The pro forma information has been prepared using the acquisition method of accounting in accordance with accounting principles generally accepted in the United States of America. The acquisition method of accounting is dependent upon certain valuations that are provisional and subject to change. The pro forma adjustments are based on the assumptions and information available at the time of the filing of our Current Report on Form 8-K/A on October 6, 2020. Franklin Resources will finalize the acquisition accounting within the required measurement period, but no later than July 31, 2021.

The unaudited pro forma condensed combined statements of income do not reflect any potential cost savings or synergies that may be realized as a result of the Acquisition and also do not reflect any integration-related costs to achieve those potential cost savings or synergies. The integration-related costs will continue to be expensed as incurred in the appropriate accounting periods following completion of the Acquisition. Although Franklin projects that cost savings and synergies will result from the Acquisition, there can be no assurance that they will be achieved and such potential cost savings or synergies are subject to risks, uncertainties and other factors. For a detailed discussion of these risk factors, please refer to the risk, uncertainties and other factors described in the Company’s filings with the Securities and Exchange Commission.
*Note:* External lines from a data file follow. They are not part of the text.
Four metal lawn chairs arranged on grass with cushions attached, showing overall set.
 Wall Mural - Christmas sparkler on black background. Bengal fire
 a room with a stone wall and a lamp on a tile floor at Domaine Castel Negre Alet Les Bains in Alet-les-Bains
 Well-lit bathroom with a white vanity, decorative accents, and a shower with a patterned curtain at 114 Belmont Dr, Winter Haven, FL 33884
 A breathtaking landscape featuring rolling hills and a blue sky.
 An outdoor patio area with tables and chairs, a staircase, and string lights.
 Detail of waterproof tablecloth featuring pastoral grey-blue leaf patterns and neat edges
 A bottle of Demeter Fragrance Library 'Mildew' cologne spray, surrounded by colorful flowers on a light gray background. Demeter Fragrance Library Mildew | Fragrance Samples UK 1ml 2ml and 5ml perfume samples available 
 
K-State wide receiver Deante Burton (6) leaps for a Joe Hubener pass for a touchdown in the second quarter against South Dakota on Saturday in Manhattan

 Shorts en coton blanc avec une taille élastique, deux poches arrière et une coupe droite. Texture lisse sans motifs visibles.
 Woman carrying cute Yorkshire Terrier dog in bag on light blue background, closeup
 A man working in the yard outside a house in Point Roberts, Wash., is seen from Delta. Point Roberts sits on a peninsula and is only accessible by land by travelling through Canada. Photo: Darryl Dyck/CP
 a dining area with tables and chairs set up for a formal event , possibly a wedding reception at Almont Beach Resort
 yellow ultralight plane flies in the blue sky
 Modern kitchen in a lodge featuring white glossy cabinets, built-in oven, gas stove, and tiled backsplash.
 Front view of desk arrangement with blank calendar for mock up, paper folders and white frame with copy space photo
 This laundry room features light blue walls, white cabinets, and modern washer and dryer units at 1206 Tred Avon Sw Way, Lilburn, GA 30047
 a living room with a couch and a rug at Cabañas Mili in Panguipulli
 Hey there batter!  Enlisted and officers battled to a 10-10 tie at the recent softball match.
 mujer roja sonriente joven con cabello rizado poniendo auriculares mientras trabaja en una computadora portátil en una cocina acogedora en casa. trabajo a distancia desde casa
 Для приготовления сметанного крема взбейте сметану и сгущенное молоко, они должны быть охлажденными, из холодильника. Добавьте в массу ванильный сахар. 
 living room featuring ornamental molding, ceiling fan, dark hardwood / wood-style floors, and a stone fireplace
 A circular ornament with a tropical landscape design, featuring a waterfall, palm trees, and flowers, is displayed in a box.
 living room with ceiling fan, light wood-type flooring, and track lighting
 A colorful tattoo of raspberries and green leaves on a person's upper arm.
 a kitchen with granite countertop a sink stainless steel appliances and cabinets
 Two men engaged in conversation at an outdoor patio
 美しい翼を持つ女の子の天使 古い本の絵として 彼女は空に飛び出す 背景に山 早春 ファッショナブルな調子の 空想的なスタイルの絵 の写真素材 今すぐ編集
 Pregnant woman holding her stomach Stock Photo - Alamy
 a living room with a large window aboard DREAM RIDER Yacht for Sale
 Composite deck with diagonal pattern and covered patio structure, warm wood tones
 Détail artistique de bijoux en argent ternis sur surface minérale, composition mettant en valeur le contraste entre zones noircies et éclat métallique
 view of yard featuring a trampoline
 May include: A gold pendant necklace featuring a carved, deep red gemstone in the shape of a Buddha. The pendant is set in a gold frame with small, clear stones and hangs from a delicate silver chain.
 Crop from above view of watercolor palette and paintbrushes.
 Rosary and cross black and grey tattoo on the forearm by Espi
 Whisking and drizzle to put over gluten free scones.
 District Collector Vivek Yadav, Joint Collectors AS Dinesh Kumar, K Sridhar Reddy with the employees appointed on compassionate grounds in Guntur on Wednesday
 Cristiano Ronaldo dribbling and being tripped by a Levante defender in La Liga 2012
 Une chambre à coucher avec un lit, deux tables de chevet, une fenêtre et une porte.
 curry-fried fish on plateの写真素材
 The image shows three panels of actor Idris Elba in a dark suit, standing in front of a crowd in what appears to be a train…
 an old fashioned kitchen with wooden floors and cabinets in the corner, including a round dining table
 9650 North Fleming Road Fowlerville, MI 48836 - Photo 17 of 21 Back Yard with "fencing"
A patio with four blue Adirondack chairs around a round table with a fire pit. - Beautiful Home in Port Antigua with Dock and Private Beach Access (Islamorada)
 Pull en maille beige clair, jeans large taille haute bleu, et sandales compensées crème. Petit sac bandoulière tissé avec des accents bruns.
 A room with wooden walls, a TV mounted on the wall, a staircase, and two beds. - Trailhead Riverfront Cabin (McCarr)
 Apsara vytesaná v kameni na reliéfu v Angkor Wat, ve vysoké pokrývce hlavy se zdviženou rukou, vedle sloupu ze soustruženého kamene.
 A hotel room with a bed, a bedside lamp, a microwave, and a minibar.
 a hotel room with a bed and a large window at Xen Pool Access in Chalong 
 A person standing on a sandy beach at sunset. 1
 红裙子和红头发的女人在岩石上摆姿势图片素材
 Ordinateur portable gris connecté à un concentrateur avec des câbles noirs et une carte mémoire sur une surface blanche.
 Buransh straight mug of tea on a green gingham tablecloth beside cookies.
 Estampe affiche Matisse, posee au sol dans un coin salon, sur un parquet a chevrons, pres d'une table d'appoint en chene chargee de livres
There were no material transactions between Franklin Resources and Legg Mason during the periods presented in the pro forma information.

The pro forma information should be read in conjunction with the accompanying notes to the pro forma information. The pro forma information is not necessarily indicative of what the financial position or results of operations would have been had the Acquisition occurred as of the dates indicated nor does it project the future financial position or operating results of the combined company.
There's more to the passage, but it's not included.